--- MATERIAL PROVIDED ---
****************************************
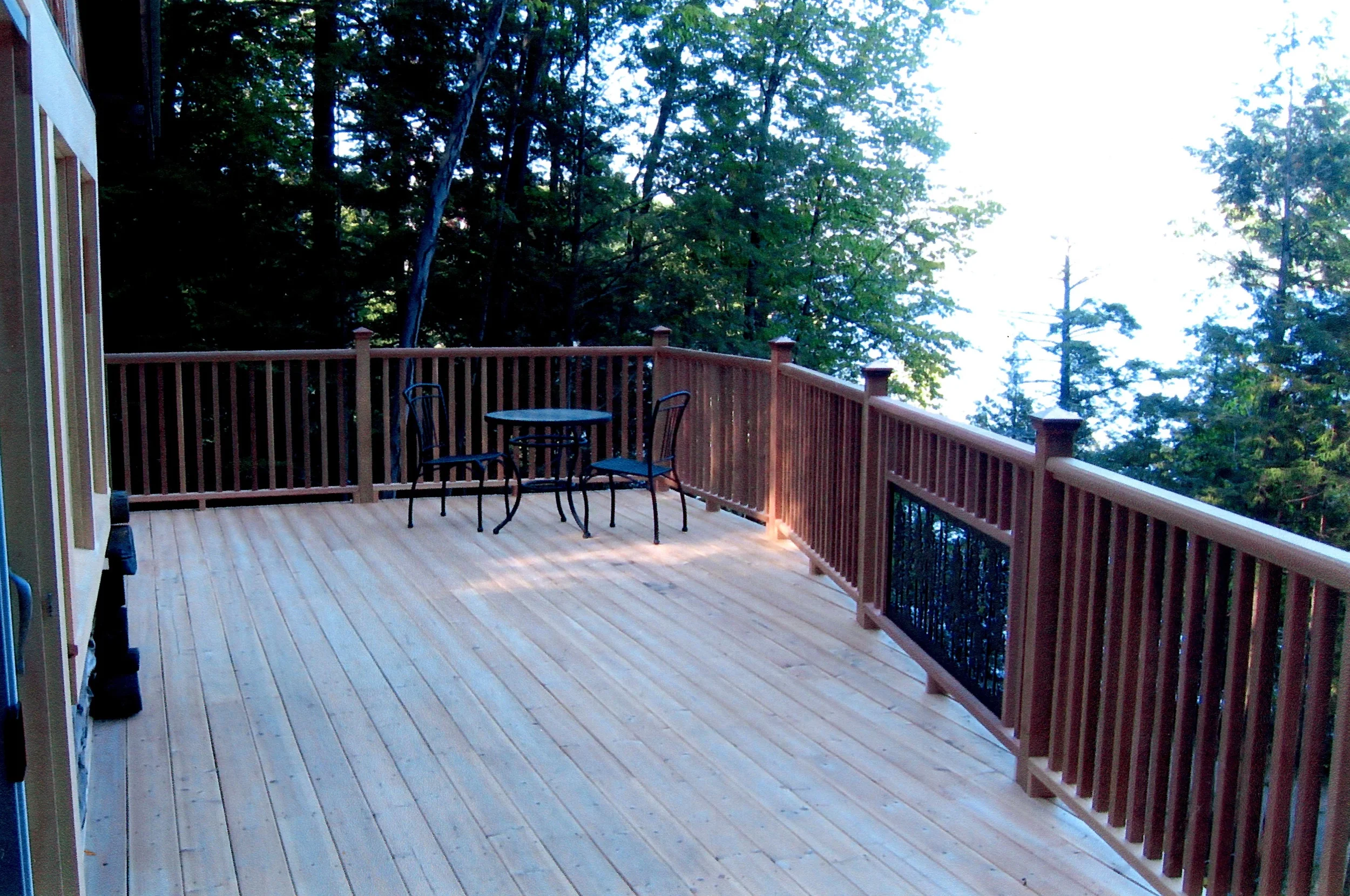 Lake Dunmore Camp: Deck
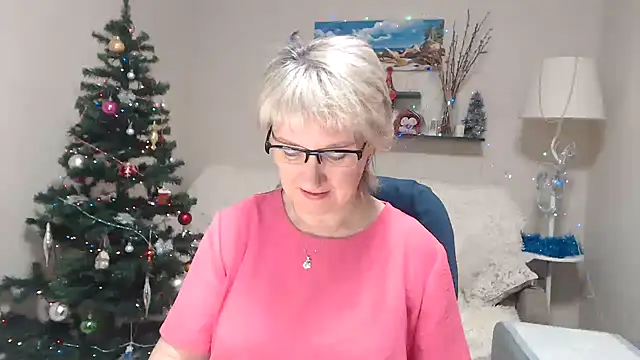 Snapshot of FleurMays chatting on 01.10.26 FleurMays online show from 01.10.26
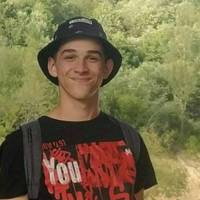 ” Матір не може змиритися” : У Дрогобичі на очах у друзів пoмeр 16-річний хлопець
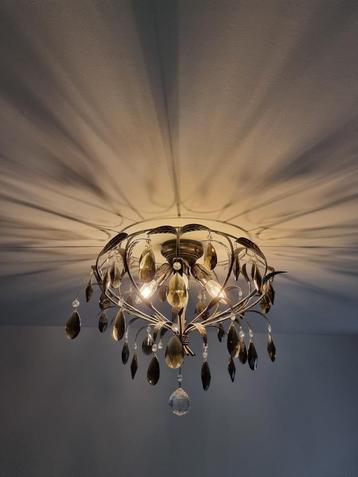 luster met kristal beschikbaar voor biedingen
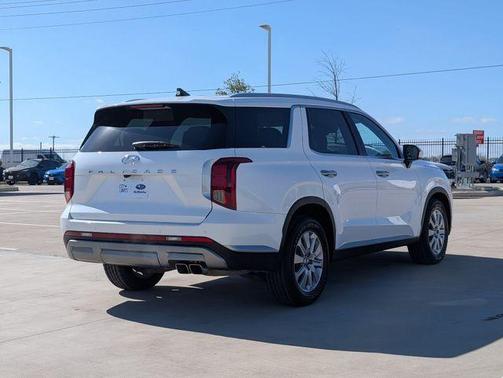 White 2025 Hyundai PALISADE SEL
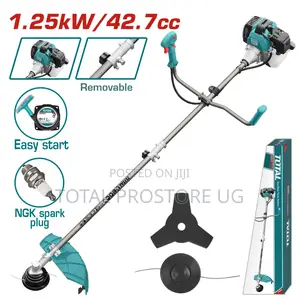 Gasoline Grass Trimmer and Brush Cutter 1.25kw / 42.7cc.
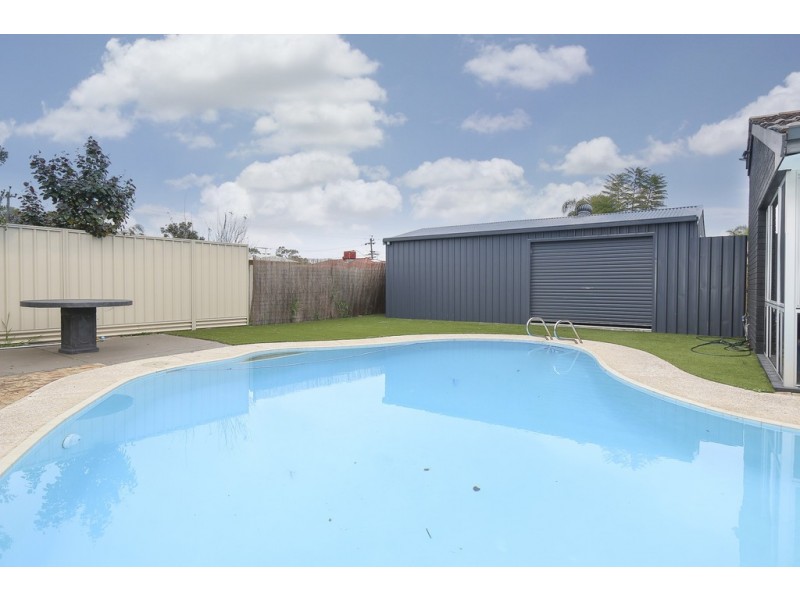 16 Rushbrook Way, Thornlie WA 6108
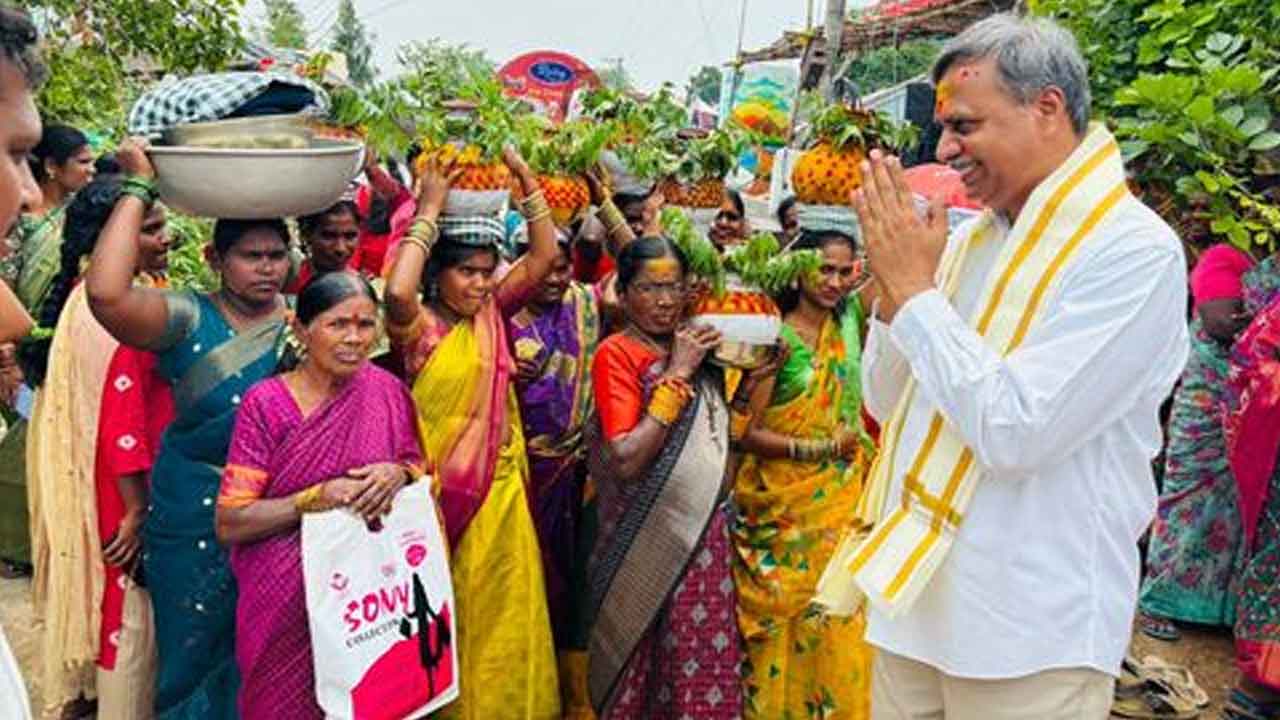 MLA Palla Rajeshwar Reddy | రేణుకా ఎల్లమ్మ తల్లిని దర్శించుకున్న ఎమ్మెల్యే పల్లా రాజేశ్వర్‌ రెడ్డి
****************************************
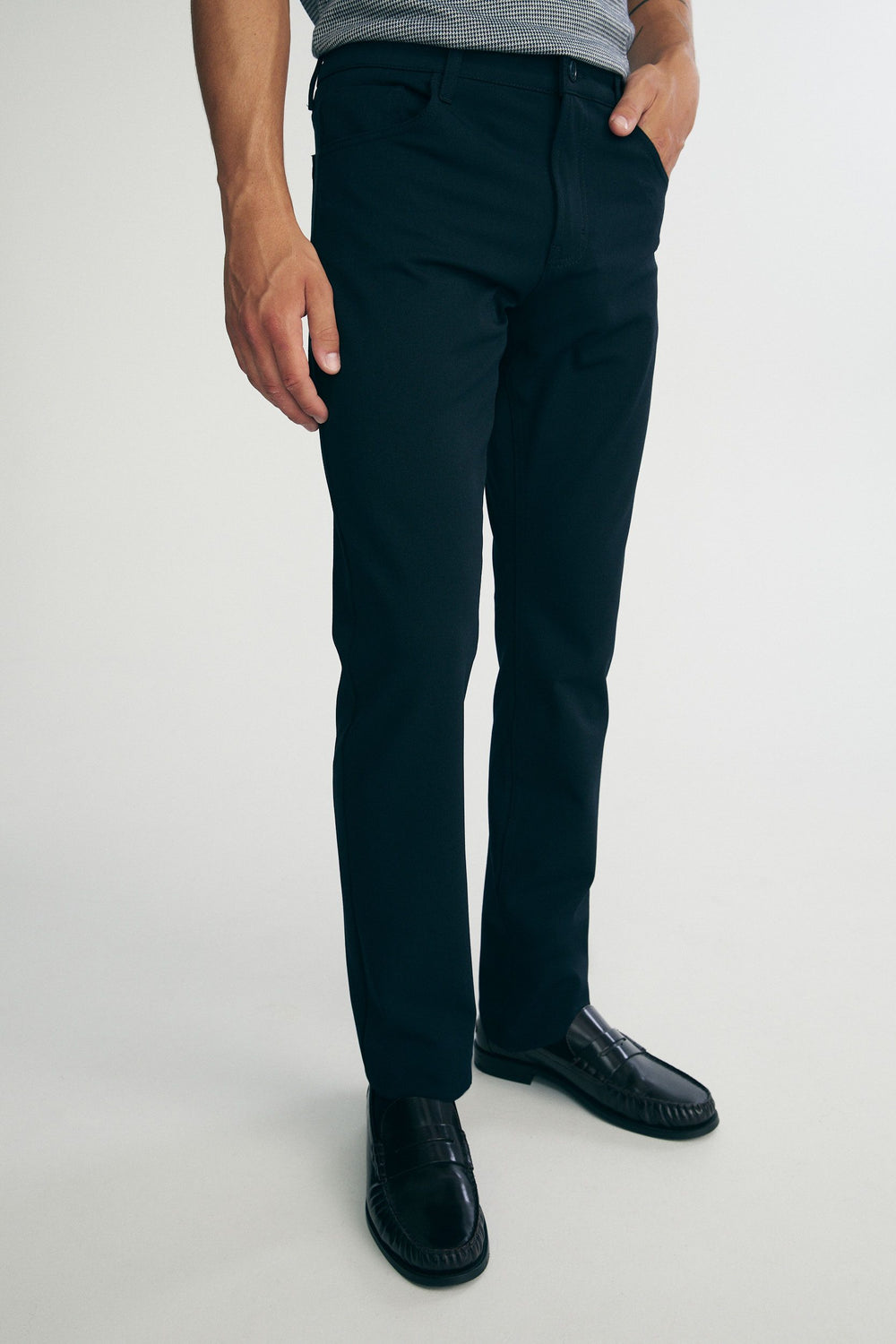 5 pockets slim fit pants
****************************************
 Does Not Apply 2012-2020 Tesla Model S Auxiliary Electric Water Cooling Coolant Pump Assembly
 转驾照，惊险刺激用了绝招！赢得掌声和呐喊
****************************************
--- INSTRUCTIONS FOR THE TASK ---
Nothing but the lines above from the line with "Lake Dunmore Camp: Deck" up to and including the line with "MLA Palla Rajeshwar" should be returned, exactly as written and without pictures.

--- ANSWER BOX ---
 Lake Dunmore Camp: Deck
 Snapshot of FleurMays chatting on 01.10.26 FleurMays online show from 01.10.26
 ” Матір не може змиритися” : У Дрогобичі на очах у друзів пoмeр 16-річний хлопець
 luster met kristal beschikbaar voor biedingen
 White 2025 Hyundai PALISADE SEL
 Gasoline Grass Trimmer and Brush Cutter 1.25kw / 42.7cc.
 16 Rushbrook Way, Thornlie WA 6108
 MLA Palla Rajeshwar Reddy | రేణుకా ఎల్లమ్మ తల్లిని దర్శించుకున్న ఎమ్మెల్యే పల్లా రాజేశ్వర్‌ రెడ్డి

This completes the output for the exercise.